DATASET CONTENT Start Marker
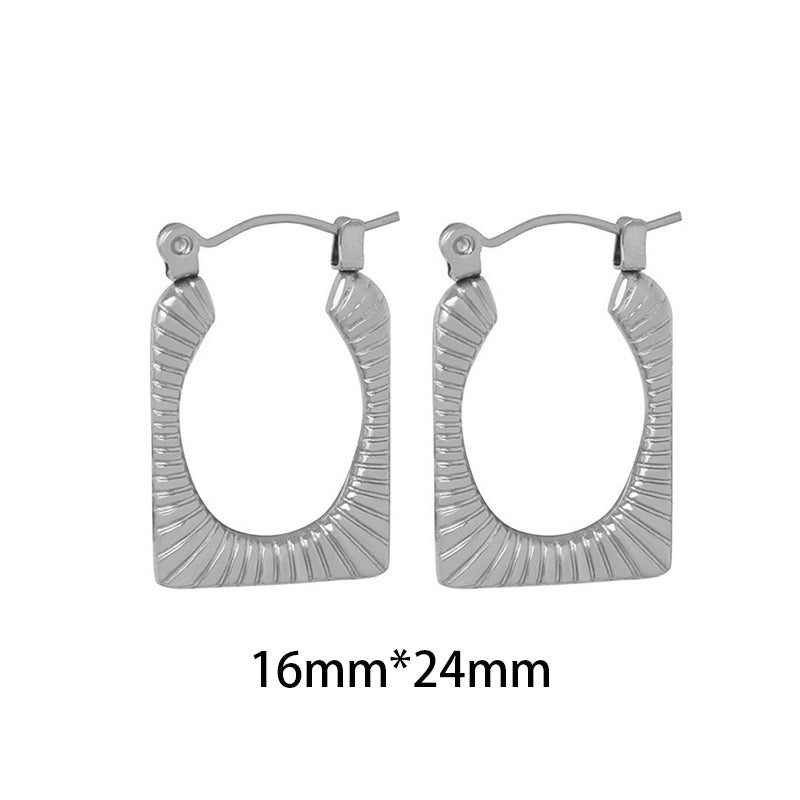 Cora Hoops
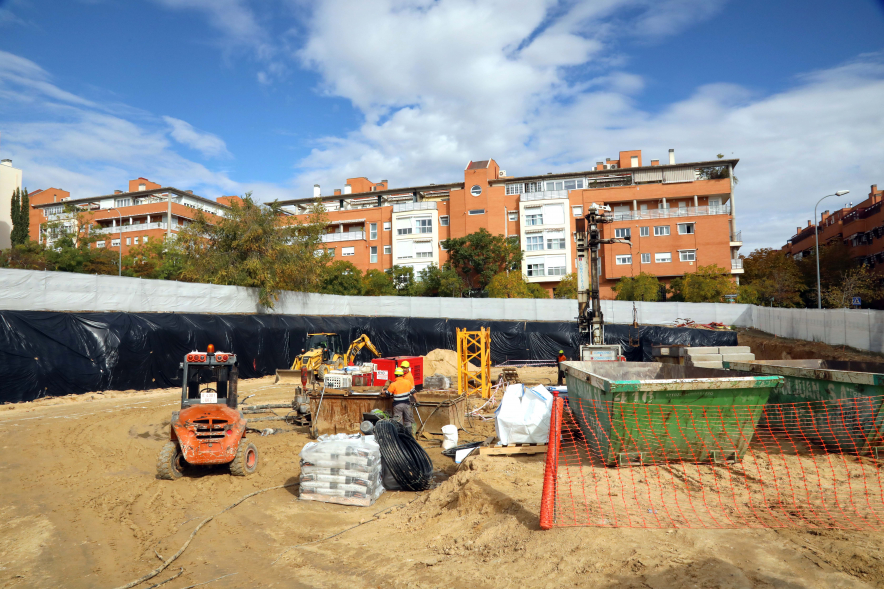 Colocación de la primera piedra de 36 nuevos alojamientos dotacionales, obra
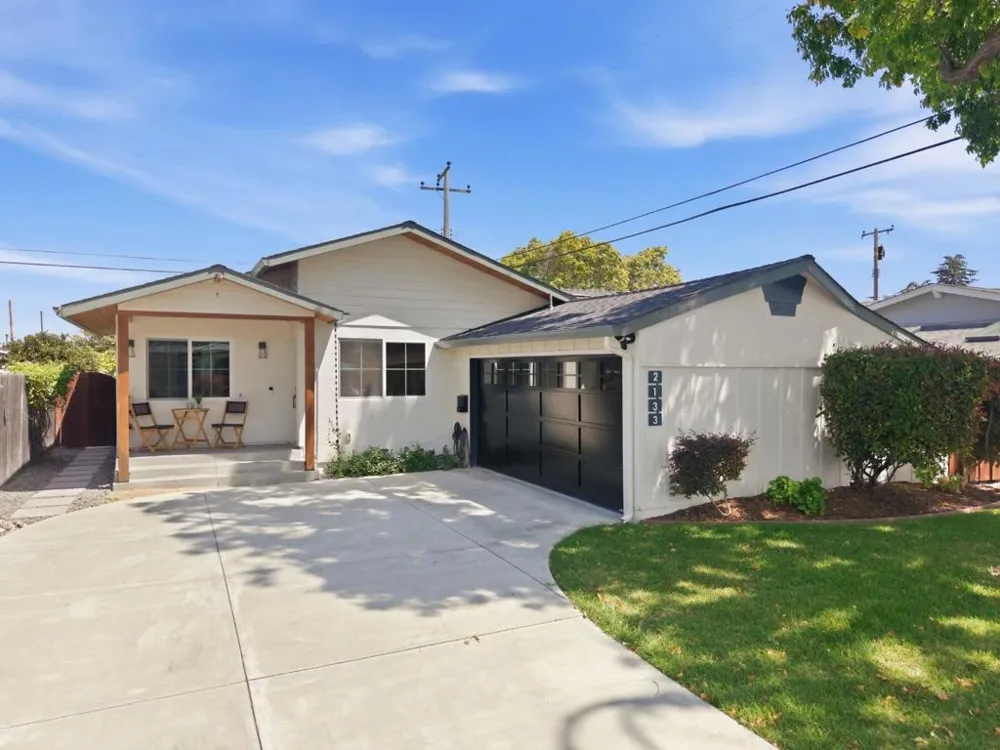 2133 Santa Cruz Avenue Santa Clara, CA 95051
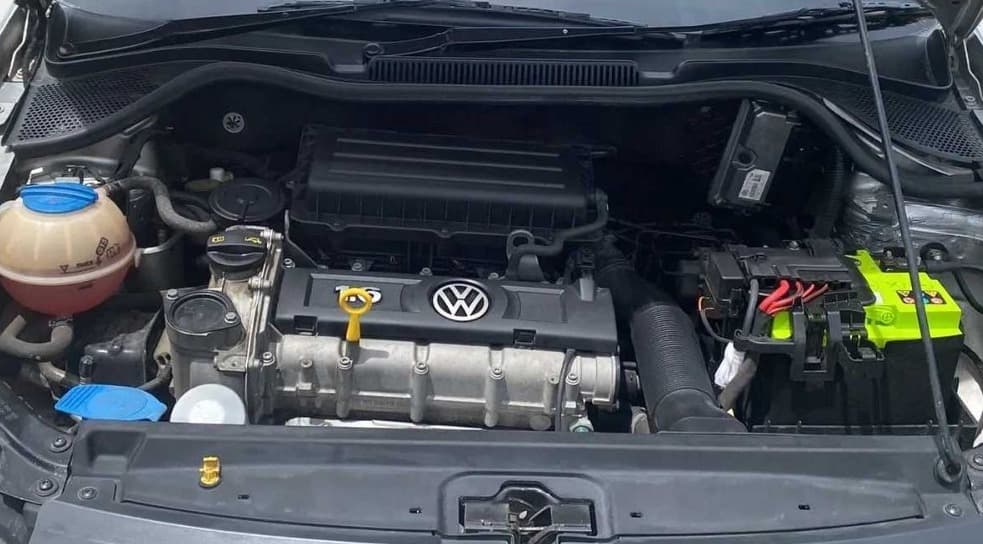2015 Volkswagen Vento HIGHLINE 1.6 MPI, Petrol, Manual, 76,237 km, Open Bonet
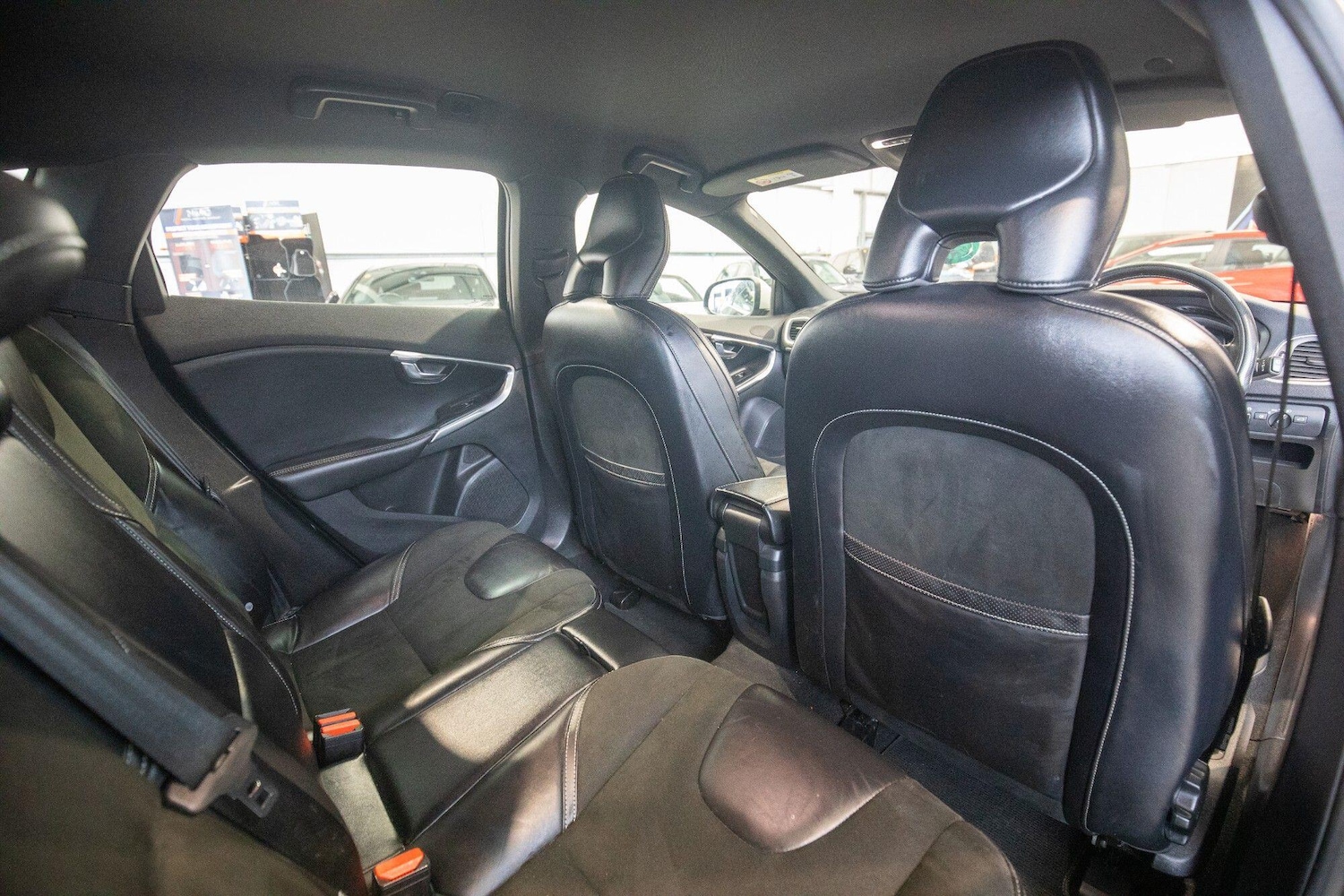 Used Volvo V40 2016 for sale - 77645693: Photo 13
DATASET CONTENT End Marker
## YOUR INSTRUCTIONS
Please give back the material above exactly as written, pictures omitted.

## SOLUTION FOR THIS EXERCISE
 Cora Hoops
 Colocación de la primera piedra de 36 nuevos alojamientos dotacionales, obra
 2133 Santa Cruz Avenue Santa Clara, CA 95051
2015 Volkswagen Vento HIGHLINE 1.6 MPI, Petrol, Manual, 76,237 km, Open Bonet
 Used Volvo V40 2016 for sale - 77645693: Photo 13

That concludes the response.